O Brasil (poder judiciário) criou ainda as varas especializadas em lavagem de dinheiro em 2003 [3], como resultado de avaliação entre membros de órgãos de controle da ineficácia da lei de lavagem de dinheiro [4]. Sérgio Moro era titular da vara especializada em lavagem de dinheiro quando se iniciou a Lava-Jato.
Por fim, como é mais conhecido, a partir do governo Lula a Polícia Federal ganhou autonomia e recursos, bem como a Procuradoria Geral da República, que passou a ter escolhido pelo presidente o indicado pela categoria para o cargo de procurador geral da república.
Como se vê, o aperfeiçoamento institucional no combate à corrupção por parte dos governos do PT foi completamente responsável pela possibilidade de existir uma Lava-Jato. Contudo, boa parte dos aperfeiçoamentos se deu em nível federal.
Embora o aperfeiçoamento da legislação se dê para todos os níveis da federação, inexiste o equivalente à ENCCLA no nível dos estados, ou a cooperação entre polícia independente e com recursos, ministério público também independente e judiciário estadual em vara especializada.
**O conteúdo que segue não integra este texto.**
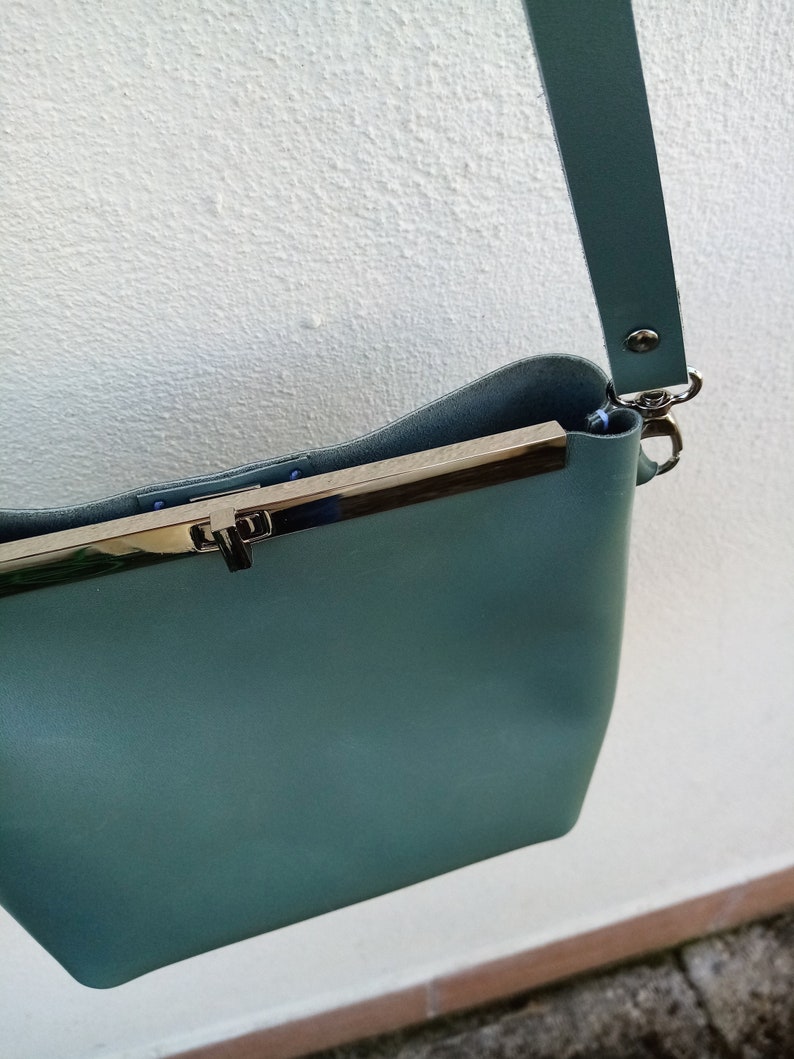 Santa bag in genuine sage green leather hand-sewn handmade in Italy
Em muitos casos, sequer existe controladoria interna, como é o caso do governo do estado de São Paulo. Isso explica, em parte, porque o sucesso da Lava-Jato tem mais dificuldade de ser replicado ao nível dos estados e municípios.
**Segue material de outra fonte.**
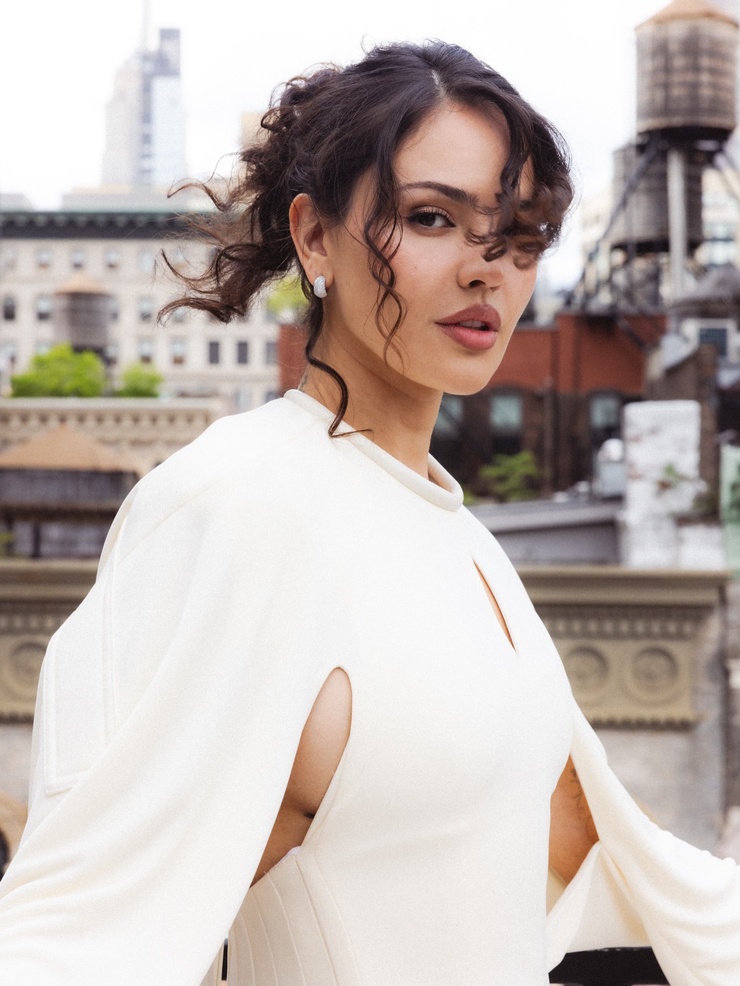 Eiza Gonzalez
Todo esse aperfeiçoamento institucional viabilizou, então, o combate à corrupção. No entanto, o sistema político por muito pareceu não se importar com esses aperfeiçoamentos institucionais. Tomemos, por exemplo, a operação Castelo de Areia. Em 2009, esta operação da PF identificou suspeitas de desvio de dinheiro e propinas na obra da refinaria de Abreu e Lima, em Pernambuco, além de irregularidades no Rodoanel, túneis da avenida Roberto Marinho (sic) e trechos do metrô em São Paulo e Salvador. Sete partidos tinham planilhas com menções a doações, que os policiais acreditavam serem propinas: PSDB, DEM, PPS, PMDB, PSB, PDT e PP. PT, PV e PTB, embora citados durante a investigação, foram excluídas do relatório final da PF. E quem estava no centro do escândalo? Ele mesmo, Michel Temer [5].
À época, o juiz Fausto de Sanctis, que havia autorizado as escutas, prisões e apreensões, era criticado de maneira muito similar ao juiz Moro. Diferentemente da Lava-Jjato, porém, a operação procurou enfatizar que não tinha como foco os políticos [6]. Como sabemos, não deu certo, e a operação foi anulada no STJ, que hoje encontra-se sob suspeitas de ter anulado a operação em virtude de pagamento de propina[7].
O que mudou para que a Lava-Jato não fosse anulada como a Castelo de Areia, Satriagaha e outras, que resultaram em muita mídia e pouca punição? Em primeiro lugar, a própria lei de delação-premiada. Em segundo lugar, o julgamento do Mensalão, que referendou interpretação mais fácil de provar crimes de corrupção (teoria do domínio do fato) e deu ânimo aos juízes e promotores de que era possível colocar políticos na cadeia. Se me permitem a ironia, mais uma contribuição do PT, ainda que involuntariamente, para o combate à corrupção pela justiça.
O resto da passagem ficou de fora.